Running the inference

The input image is converted to tensor data format, and then inference runs on it. While this is typical of all code that uses the ONNX Runtime, the difference in this case is that it's ONNX Runtime directly through Windows ML. The only requirement is adding #include <winml/onnxruntime_cxx_api.h> to the code.

Also see Convert a model with AI Toolkit for VS Code

For API reference, see Ort::Session struct, Ort::MemoryInfo struct, Ort::Value struct, Ort::AllocatorWithDefaultOptions struct, Ort::RunOptions struct.

// Create the session and load the model
Ort::Session session(env, modelPathToUse.c_str(), sessionOptions);

// Load and preprocess image
auto imageFrameResult = ResnetModelHelper::LoadImageFileAsync(imagePath);
auto inputTensorData = ResnetModelHelper::BindSoftwareBitmapAsTensor(imageFrameResult.get());

// Create input tensor (handle both float32 and float16 models)
auto inputType = session.GetInputTypeInfo(0).GetTensorTypeAndShapeInfo().GetElementType();
auto inputShape = std::array<int64_t, 4>{1, 3, 224, 224};
// ... convert tensor data based on model type and create OrtValue ...
Ort::Value inputTensor{ortValue};

// Run inference
auto inputName = session.GetInputNameAllocated(0, allocator);
auto outputName = session.GetOutputNameAllocated(0, allocator);
auto outputTensors = session.Run(Ort::RunOptions{nullptr}, inputNames.data(), &inputTensor, 1, outputNames.data(), 1);

// Extract results (handle float16/float32 conversion if needed)
std::vector<float> results;
// ... extract and convert output tensor data ...
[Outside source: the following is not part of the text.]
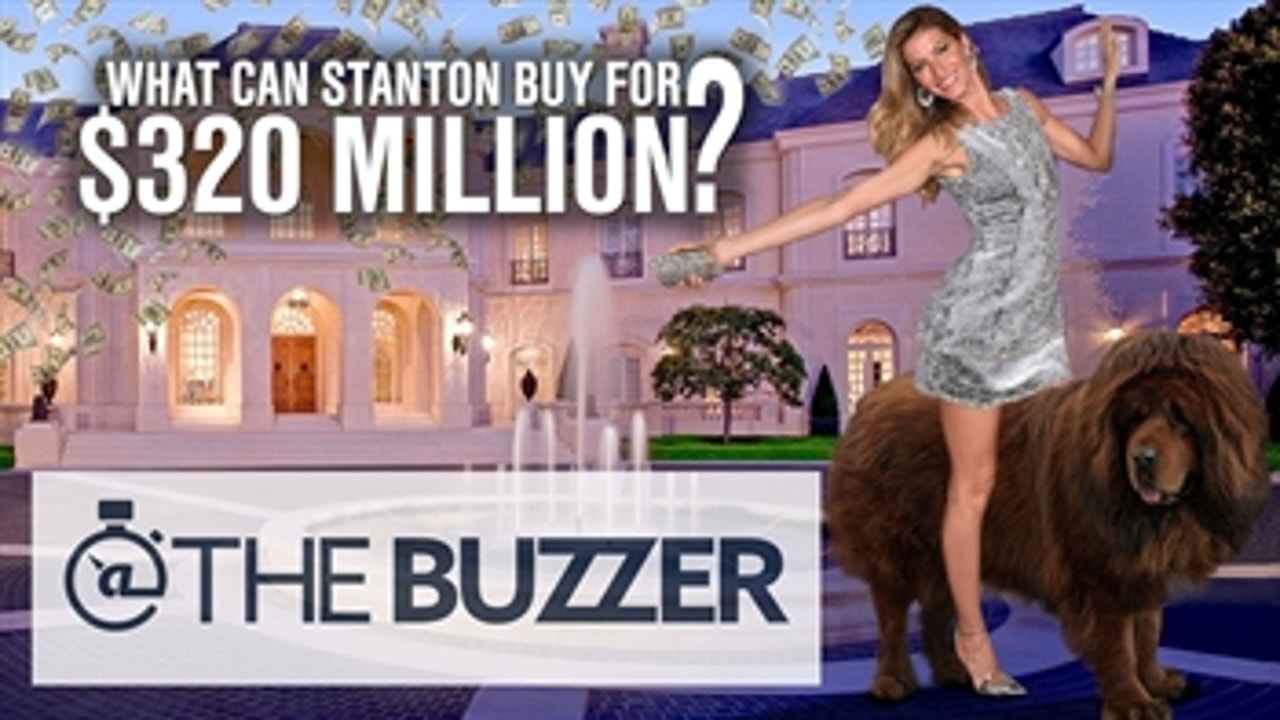 What could Giancarlo Stanton buy for $320 million?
// Load labels and print results  
auto labels = ResnetModelHelper::LoadLabels(labelsPath);
ResnetModelHelper::PrintResults(labels, results);

Image preprocessing

The C++ implementation includes comprehensive image preprocessing that handles image loading, resizing, and normalization:

std::vector<float> BindSoftwareBitmapAsTensor(SoftwareBitmap const& bitmap)
{
    // Convert to BGRA8 format and resize to 224x224
    SoftwareBitmap bitmapBgra8 = SoftwareBitmap::Convert(bitmap, BitmapPixelFormat::Bgra8, BitmapAlphaMode::Ignore);
    // ... use BitmapEncoder/Decoder to resize with high-quality interpolation ...
    
    // Extract pixel data and normalize using ImageNet parameters
    // ... get pixel buffer access ...
    uint8_t* pixelData = /* ... */;
    
    std::vector<float> tensorData(3 * 224 * 224);
    for (int y = 0; y < 224; ++y)
    {
        for (int x = 0; x < 224; ++x)
        {
            // Extract BGR values and normalize with ImageNet mean/std
            float r = static_cast<float>(pixelData[idx + 2]) / 255.0f;
            float g = static_cast<float>(pixelData[idx + 1]) / 255.0f;
            float b = static_cast<float>(pixelData[idx + 0]) / 255.0f;

            tensorData[0 * 224 * 224 + offset] = (r - 0.485f) / 0.229f;
            tensorData[1 * 224 * 224 + offset] = (g - 0.456f) / 0.224f;
            tensorData[2 * 224 * 224 + offset] = (b - 0.406f) / 0.225f;
        }
    }
    return tensorData;
}

Post-processing

The softmax function is applied to returned raw output, and label data is used to map and print the names with the five highest probabilities.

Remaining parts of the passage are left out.